There’s also no mention of the Canadian tar sands controversy, nor BP’s plans to drill in the Russian Arctic. These, it seems, are not ‘votable’ issues for investors. A mooted shareholder resolution calling for BP to assess its operations in the wake of the Gulf of Mexico catastrophe was dropped in January. We’ve heard nothing since. This has lead to the rather surreal situation where the opportunity will be missed to debate Deepwater in a public forum where shareholders can demand constructive answers from management. Institutional investors will argue that they are in intense ‘behind-the-scenes’ dialogue with the company. After all, why engage in megaphone diplomacy when better outcomes can be achieved through private channels? Institutions may feel BP has enough to contend with and doesn’t need the distraction of a bruising AGM fight.
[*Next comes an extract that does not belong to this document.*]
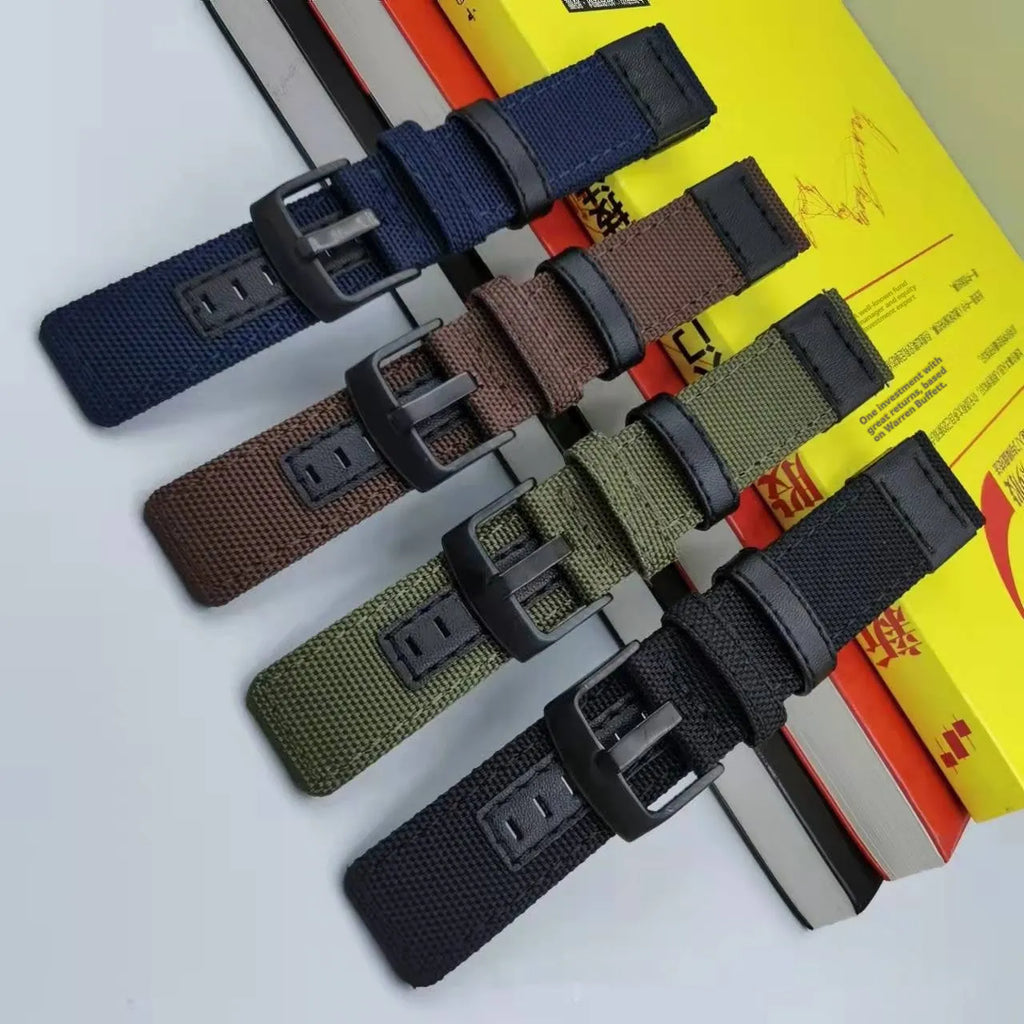 A canvas watch strap made from Oxford cloth in camouflage colour, showing the textured fabric and standard lug ends.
Or perhaps they feel that more heat than light is generated by debate at the AGM. One can counter this by pointing to CalPERS’ recent success over director elections at the Apple AGM. If it’s not on the agenda, it can’t be voted on. Indeed, small shareholders andstakeholders may have been relying on their larger institutional peers to bring the issue up at the AGM.
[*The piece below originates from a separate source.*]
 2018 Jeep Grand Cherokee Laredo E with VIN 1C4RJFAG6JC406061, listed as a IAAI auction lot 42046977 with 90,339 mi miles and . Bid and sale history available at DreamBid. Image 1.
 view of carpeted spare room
There is a moral vacuum in asking for more transparency from companies and not exercising the same openness with regards to corporate engagement.
As things stand, BP is dodging a grilling from its owners. And the public impression will be that institutions are not exercising shareholder responsibilities as well as rights, confirming Lord Myners’ “absentee landlord” charge. It leaves ‘pressure’ groups such as environmental law organisation ClientEarth to hold BP to account publicy.
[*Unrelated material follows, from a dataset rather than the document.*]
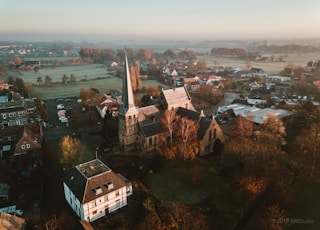 aerial photography of houses on green field during daytime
The BP AGM is a golden opportunity for institutional investors to demonstrate “stewardship”. Lest we forget, one year on from Deepwater BP’s share price still languishes some 20% off its pre-accident level, and shareholder dividends have been slashed along the way. BP also faces serious continuing difficulties, legal, regulatory and reputational, which could yet impact further on investors.
The Stewardship Code calls on institutions to monitor their investee companies. It specifically calls on them to intervene if they have concerns about a company’s “approach to the risks arising from social and environmental matters”. It’s time for institutions to quit the poodle act and become fiduciary guard dogs that both bark and bite.